Absolutely Free (not yet reissued) followed Freak Out!, but it was the third album which helped cement Zappas reputation. We're Only In It For The Money (combined with Lumpy Gravy on one CD, Ryko RCD 40024,70:54), with its killer Sgt. Pepper parody cover, took Zappas satire into the realm of sarcasm, as the lyrics registered disgust at cops, politicians, hippies, parents – virtually every layer of late-'60s society. Was it crude? Certainly. Vicious? Maybe. Effective? Well, in retrospect, it varies. But there's no doubt that We're Only In It For The Money is a period piece today, suffocating under the weight of '60s cultural references and icons. Musically it's much less interesting than Freak Out!, though here are the seeds (via song segues, interludes, interjected dialog, and the use of the studio as instrument) of many later, more successful sonic pieces.
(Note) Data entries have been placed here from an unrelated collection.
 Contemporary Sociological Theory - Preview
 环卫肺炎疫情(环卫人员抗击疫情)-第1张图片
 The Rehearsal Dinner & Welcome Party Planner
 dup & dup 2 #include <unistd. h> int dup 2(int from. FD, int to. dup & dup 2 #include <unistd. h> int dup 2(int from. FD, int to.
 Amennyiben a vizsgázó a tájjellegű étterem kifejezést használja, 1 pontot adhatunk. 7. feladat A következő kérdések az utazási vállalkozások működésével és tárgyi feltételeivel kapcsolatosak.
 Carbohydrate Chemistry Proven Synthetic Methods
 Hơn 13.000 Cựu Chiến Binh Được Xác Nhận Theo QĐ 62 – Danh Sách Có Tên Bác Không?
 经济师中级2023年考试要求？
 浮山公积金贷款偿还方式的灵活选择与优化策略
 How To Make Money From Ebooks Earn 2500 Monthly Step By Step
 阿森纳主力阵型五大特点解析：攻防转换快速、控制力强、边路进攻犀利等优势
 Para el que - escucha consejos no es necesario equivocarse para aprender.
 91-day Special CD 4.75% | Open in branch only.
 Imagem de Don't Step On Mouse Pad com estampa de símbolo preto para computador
Rykodisc has generously paired We're Only In It For The Money with Lumpy Gravy, probably Zappa's most ambitious and least commercial LP – a 32-minute montage (in Zappa's words, "a curiously inconsistent piece which started out to be a Ballet but probably didn't make it.") recorded by a small orchestra of L.A.'s finest. The quick cutting layered snippets of Zappa's musical world (echoes of Varèse, Stravinsky, r&b, surf music, muzak, and jazz), with more (parody?) dialogs of drug-induced paranoia, and plenty of pig noises. Actually, there's more than curiosity value here – if you're looking for the structural model for John Zorn's collage pieces like Spillane and The Big Gundown, this is it.

Ruben And The Jets (Ryko RCD 10063, 41:28) is another conceptual album, but completely without pretension (save perhaps the almost unnoticeable reworking of the opening bassoon phrase from Stravinsky's The Rite Of Spring into a doo-wop chorus) – a slice of Zappa's high school nostalgia, a paean to East L.A. '50s r&b-flavored rock. Zappa obviously loves this music, while he so deftly parodies it, though in 1988 it's a one-trick pony.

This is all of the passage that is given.